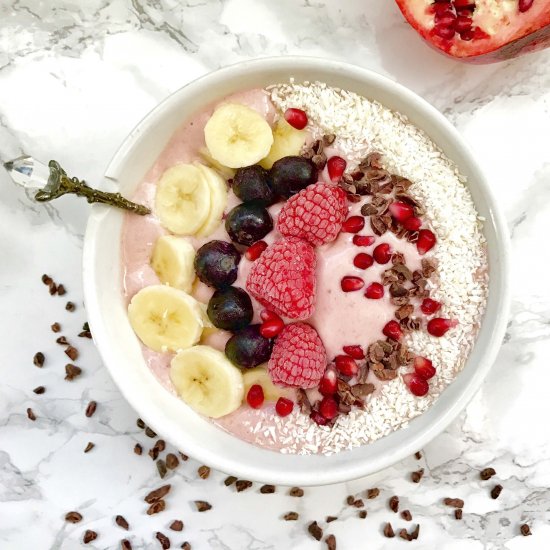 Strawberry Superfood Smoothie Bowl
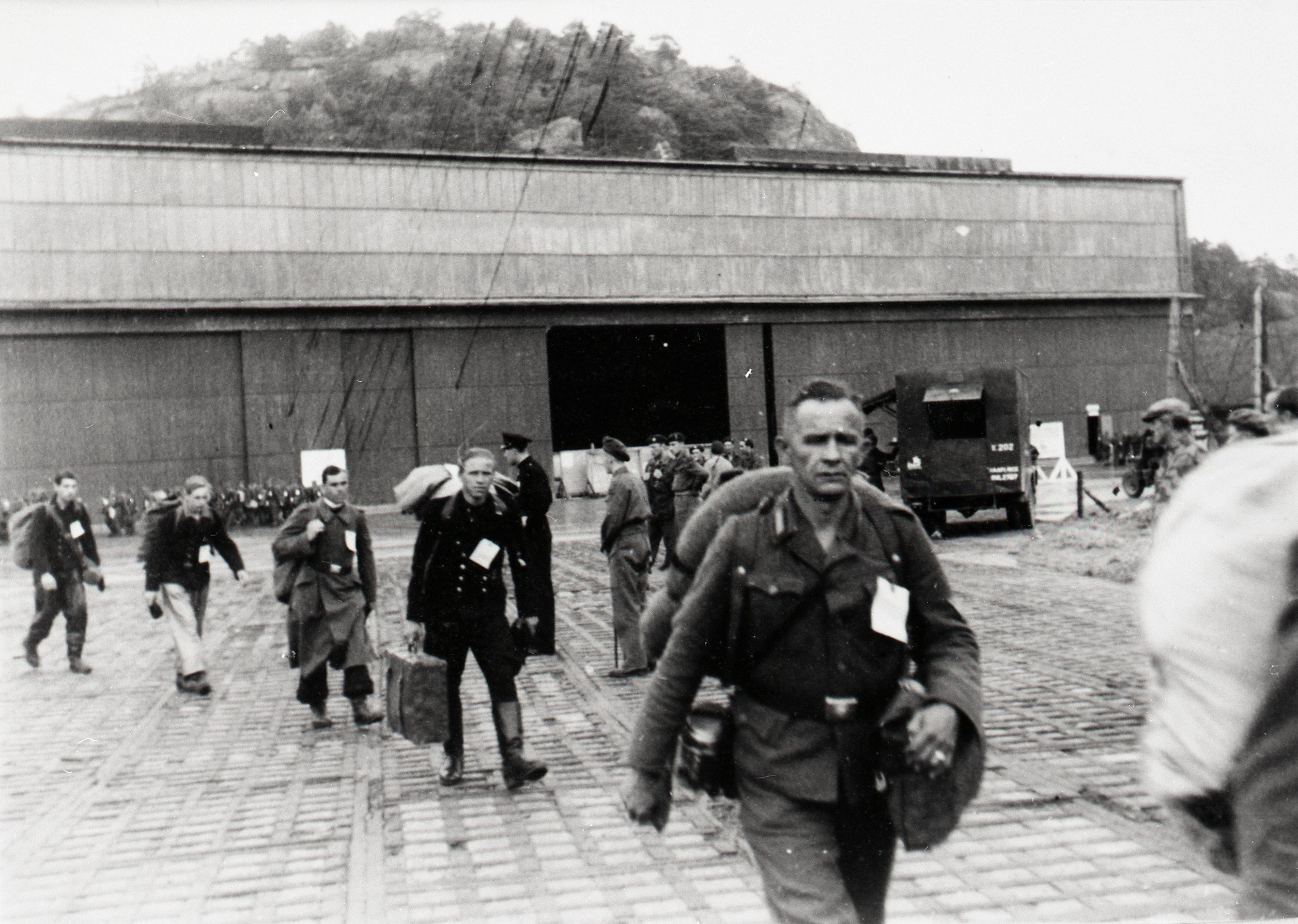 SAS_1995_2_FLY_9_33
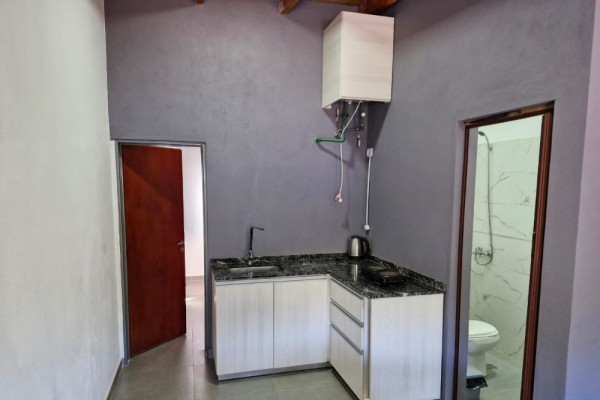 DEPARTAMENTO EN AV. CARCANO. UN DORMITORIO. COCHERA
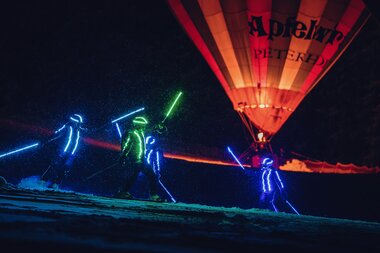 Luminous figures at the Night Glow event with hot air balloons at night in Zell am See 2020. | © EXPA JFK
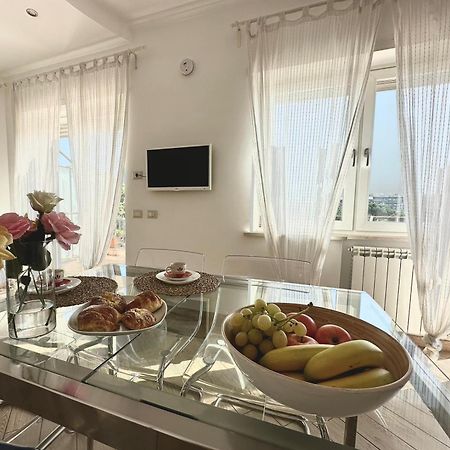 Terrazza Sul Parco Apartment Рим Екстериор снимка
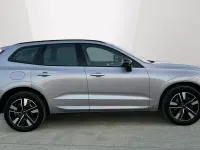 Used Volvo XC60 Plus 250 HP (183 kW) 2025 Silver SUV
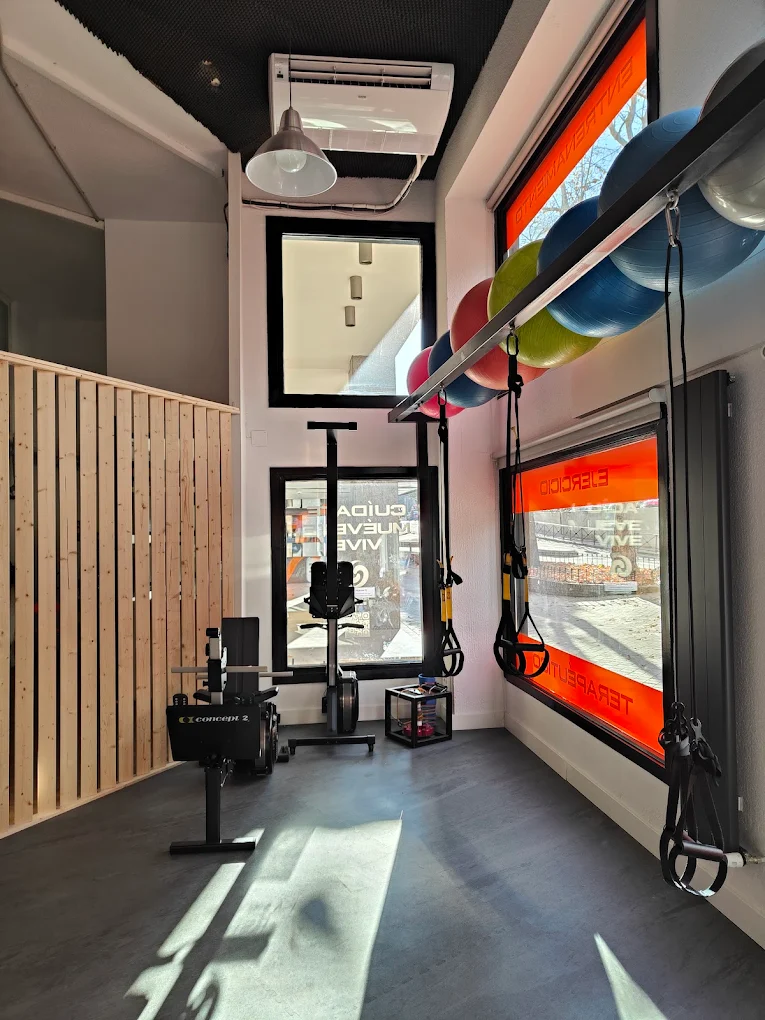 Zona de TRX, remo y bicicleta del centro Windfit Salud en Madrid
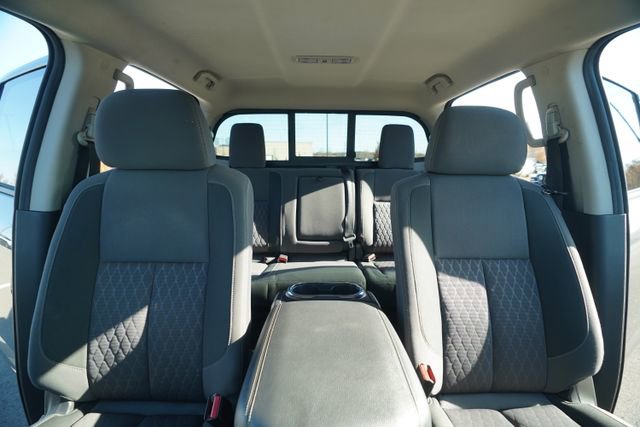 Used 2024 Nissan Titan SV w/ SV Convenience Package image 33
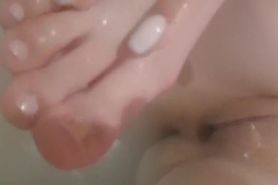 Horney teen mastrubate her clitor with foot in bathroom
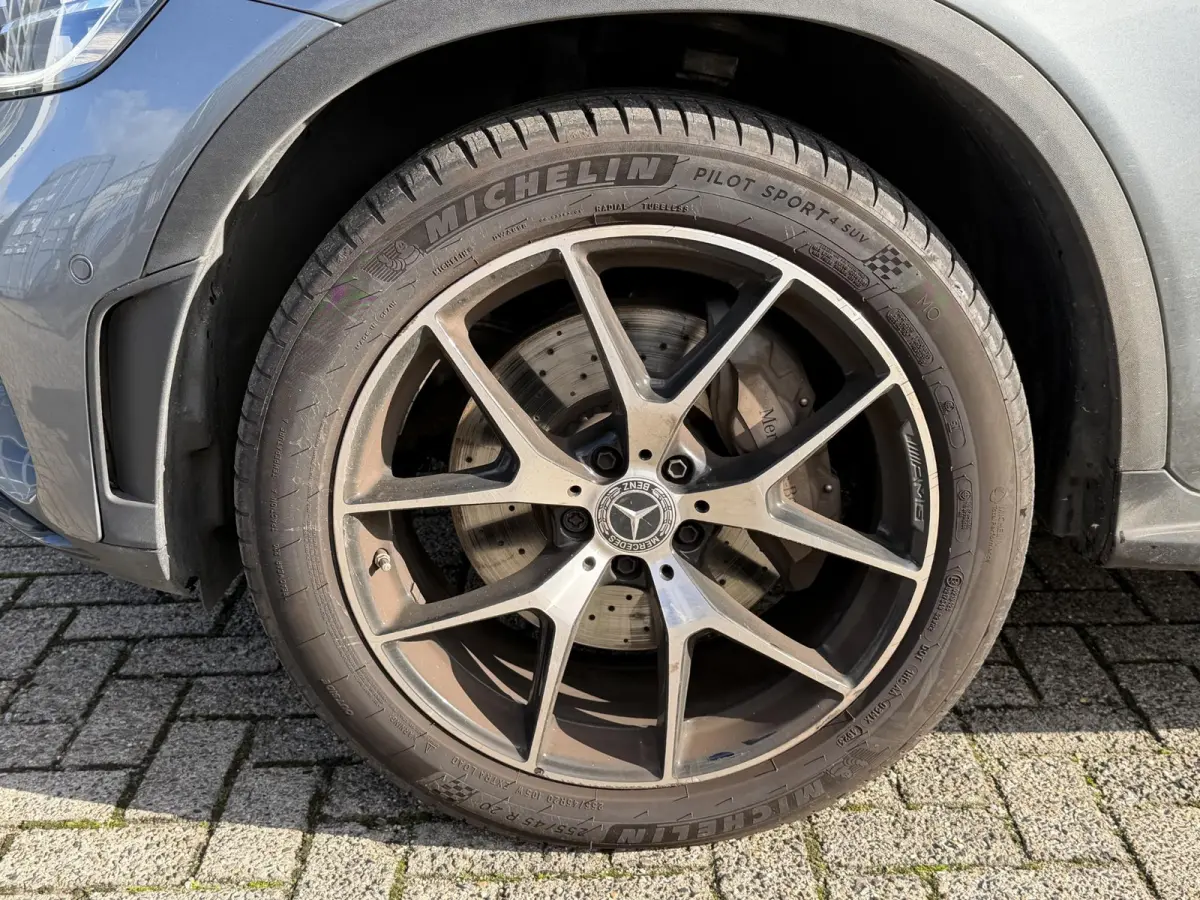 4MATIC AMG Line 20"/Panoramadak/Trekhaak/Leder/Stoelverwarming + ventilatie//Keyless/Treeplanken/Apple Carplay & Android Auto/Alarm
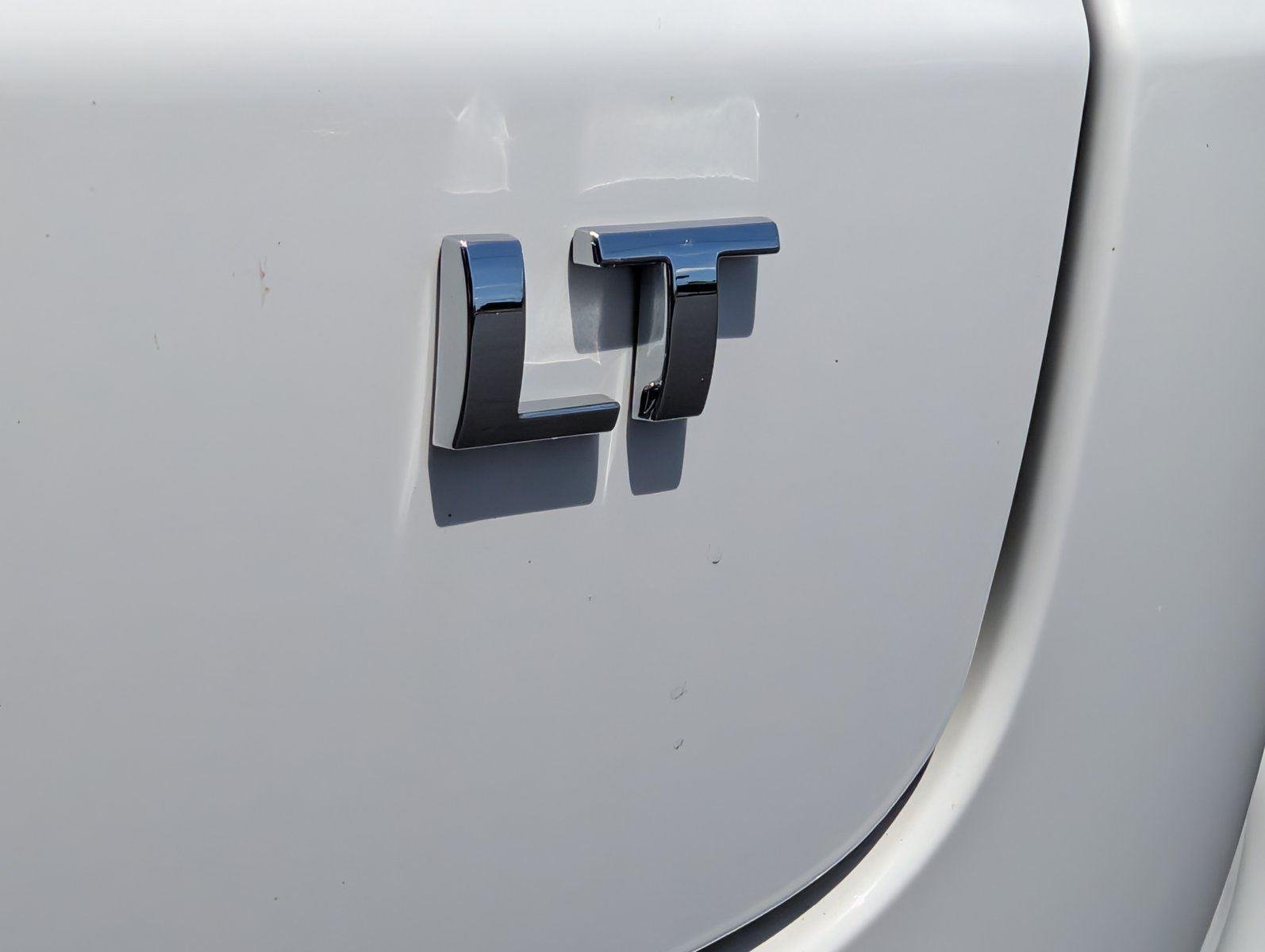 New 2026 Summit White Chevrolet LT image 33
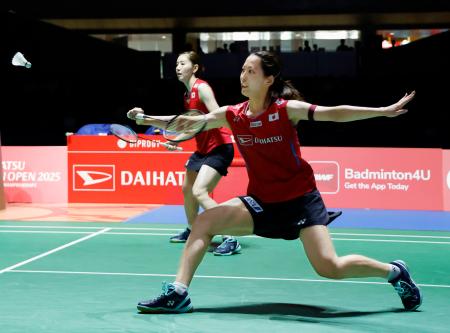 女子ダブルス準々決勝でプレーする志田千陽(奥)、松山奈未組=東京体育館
====
_Work instructions_
Copy exactly, without pictures, the lines above from the one with "SAS_1995_2_FLY_9_33" down to the one with "Terrazza Sul Parco", inclusive.

_Solution to the exercise_
 SAS_1995_2_FLY_9_33
 DEPARTAMENTO EN AV. CARCANO. UN DORMITORIO. COCHERA
 Luminous figures at the Night Glow event with hot air balloons at night in Zell am See 2020. | © EXPA JFK
 Terrazza Sul Parco Apartment Рим Екстериор снимка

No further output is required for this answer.